Unable to optimize Fractal code with Numba

I am writing code to visualize Mandelbrot sets and other fractals. Below is a snippet of the code that is being run. The code runs perfectly fine as is, but I am trying to optimize it to make higher resolution images faster. I've tried using caching on fractal(), along with @jit and @njit from Numba. Caching resulted in a crash (from memory overflow I'm assuming) and @jit just slows down the execution of my program by a factor of 6. I am also aware of the many mathematical ways there are of making my code run faster, as I've seen on the Wikipedia page, but I would like to see if I can get one of the above methods or some alternative to work.

For creating multiple images in a row (to make a zoom animation, like this one) I've implemented multiprocessing (which seems to run 9 processes at once) but I don't know how to implement the same in the creation of a single high resolution image.

Here is my code snippet:

import numpy as np
import cv2
import cmath
import math

# pick the fractal
def fractal(z,c):
# Mandelbrot
    if fractal_type == 0:
        return z**d + c
# Burning Ship
    if fractal_type == 1:
        return complex(abs(z.real), abs(z.imag))**d + c

#naive escape time algorithm
def naive_escape(arr):
    h = arr[0]
    w = arr[1]
    d = arr[2]
    zoom = pow(1.5, arr[3]) * pow(10,int(np.log10(h)))
    x_cen = arr[4]
    y_cen = arr[5]

    for i in range(w):
        sys.stdout.write("\r{0:03}%".format(np.round(i/w * 100, 4)))
        sys.stdout.flush()

        for j in range(h):
            it = 0
        #coordinates
            cx = i - int(w/2)
            cy = j - int(h/2)
        #scaling
            sx = (cx / (zoom)) + x_cen
            sy = (cy / (zoom)) - y_cen

            c = complex(sx,sy)
            z = complex(0.0,0.0)

            while ((z.real)**2 + (z.imag)**2 <= 2**d) and (it < max_it):
                z = fractal(z,c)
                it += 1

            img[j][i] = color_dict[it]

    sys.stdout.write("\n")

    name = "fractal"

    cv2.imwrite("{}.png".format(name), img)
    print("\n{} created!\n".format(name), fractal_type)

I should clarify that the reason the coloring function naive_escape() takes an array input is because of my implementation of multiprocessing.
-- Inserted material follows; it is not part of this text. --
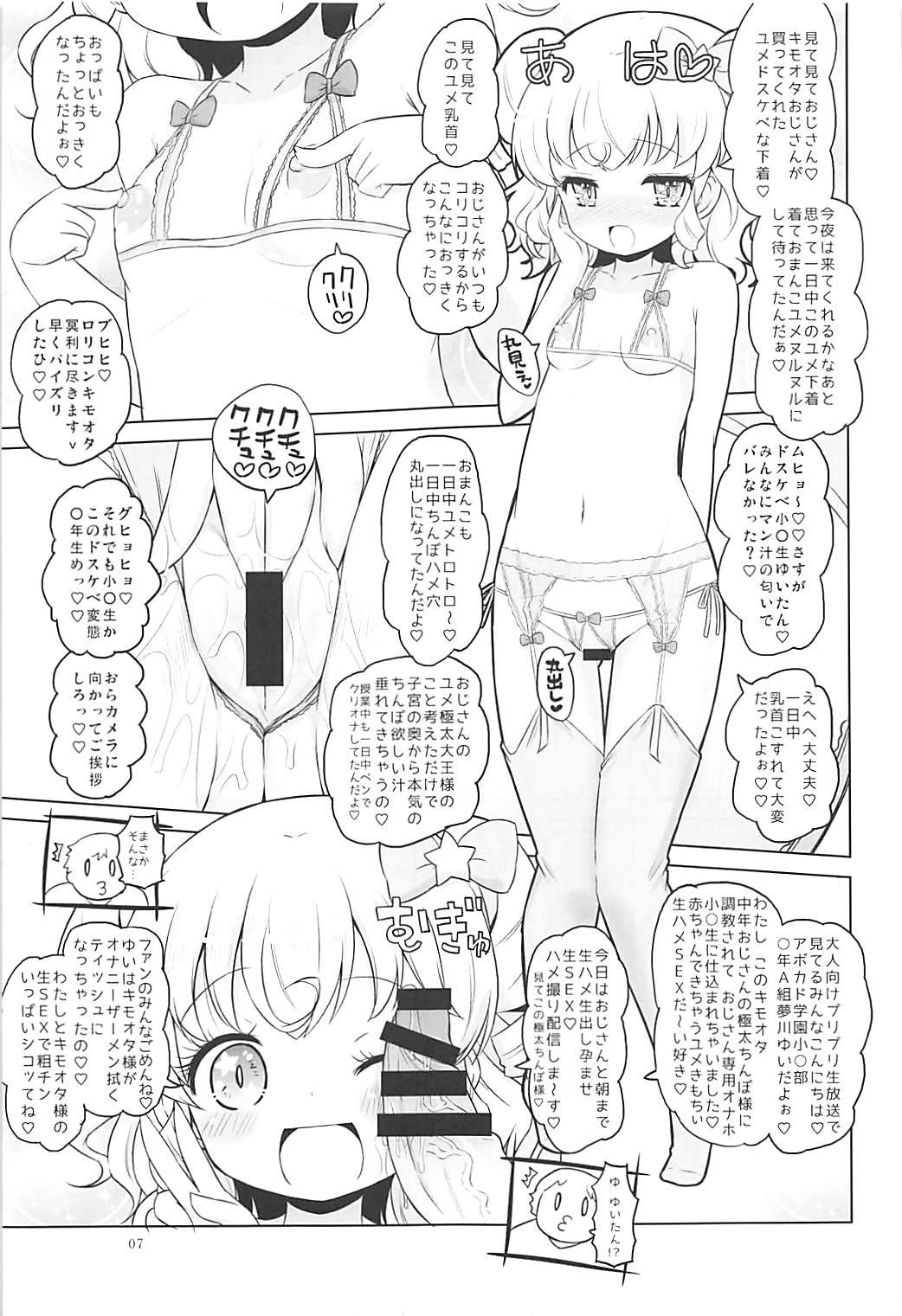 Hard Core Sex Super Bitch Yumekawa-san - Pripara Lesbian - Page 6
Since map() in multiprocessing only allows us to map the function with one input, I just pass an array with all my input values.

The code pasted above is a snippet from a much bigger file, so please excuse me for any syntax errors.
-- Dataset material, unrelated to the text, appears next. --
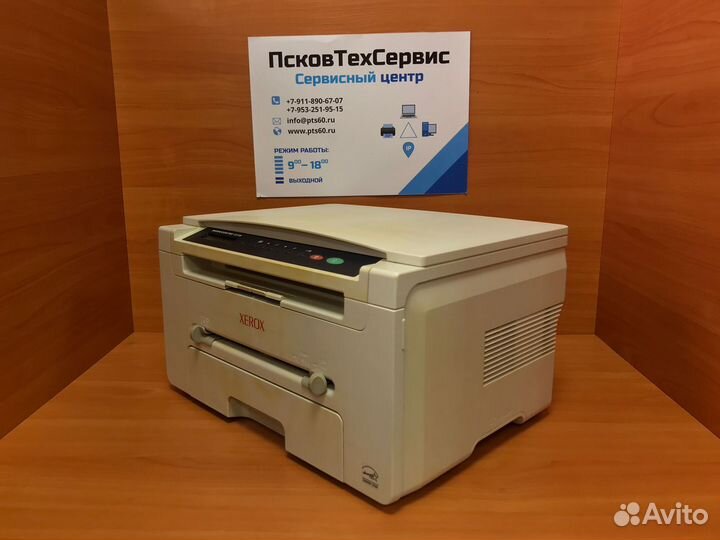 Лазерное ч/б мфу Xerox WC3119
Any help in making my code faster would be greatly appreciated!

Solution

This older answer deals specifically with vectorization, but some additional optimization can be done.
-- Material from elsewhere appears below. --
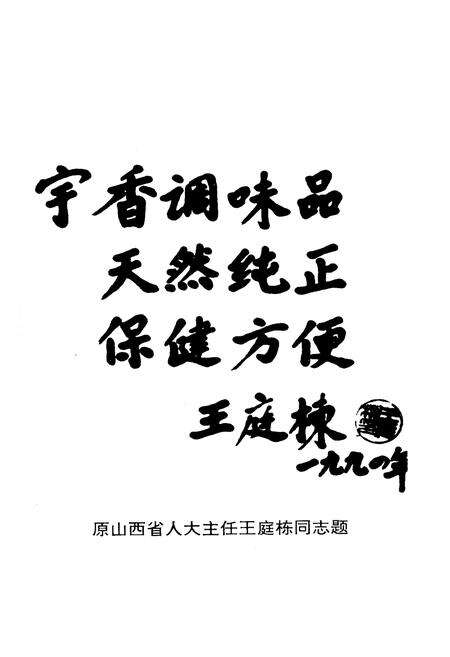 《盂县煤炭运销公司发展史》.pdf电子版_山西省志预览图3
You can start with Numpy vectorization, convenient but not really fast:

@np.vectorize
def mandelbrot_numpy(c: complex, max_it: int) -> int:
    z = c
    for i in range(max_it):
        if abs(z) > 2:
            return i
        z = z**2 + c
    return 0

Or Numba vectorization, which improves speed by an order of magnitude:

@nb.vectorize([nb.u2(nb.c16, nb.i8)])
def mandelbrot_numba(c: complex, max_it: int) -> int:
    z = c
    for i in range(max_it):
        if abs(z) > 2:
            return i
        z = z**2 + c
    return 0

Then you can apply some of the usual optimizations:

@nb.vectorize([nb.u2(nb.c16, nb.u2)])
def mandelbrot_numba_opt(c: complex, max_it: int) -> int:
    x = cx = c.real
    y = cy = c.imag
    for i in range(max_it):
        x2 = x*x
        y2 = y*y
        if x2 + y2 > 4:
            return i
        y = (x+x)*y + cy
        x = x2 - y2 + cx
    return 0

And you can also parallelize it (by rows in this example):

@nb.njit([nb.u2[:,:](nb.c16[:,:], nb.u2)], parallel=True)
def mandelbrot_parallel(c: np.ndarray, max_it: int) -> np.ndarray:
    result = np.zeros_like(c, dtype=nb.u2)
    for row in nb.prange(len(c)):
        result[row] = mandelbrot_numba_opt(c[row], max_it)
    return result

Some timings on a 1000x1000 array:

N = 1000
x = np.linspace(-2, 2, N).reshape((1, -1))
y = x.T
c = x + 1j * y

%timeit mandelbrot_numpy(c, 99)
1.59 s ± 40.9 ms per loop (mean ± std. dev. of 7 runs, 1 loop each)
%timeit mandelbrot_numba(c, 99)
100 ms ± 406 µs per loop (mean ± std. dev. of 7 runs, 10 loops each)
%timeit mandelbrot_numba_opt(c, 99)
35 ms ± 140 µs per loop (mean ± std. dev. of 7 runs, 10 loops each)
%timeit mandelbrot_parallel(c, 99)
10.9 ms ± 64.3 µs per loop (mean ± std. dev. of 7 runs, 100 loops each)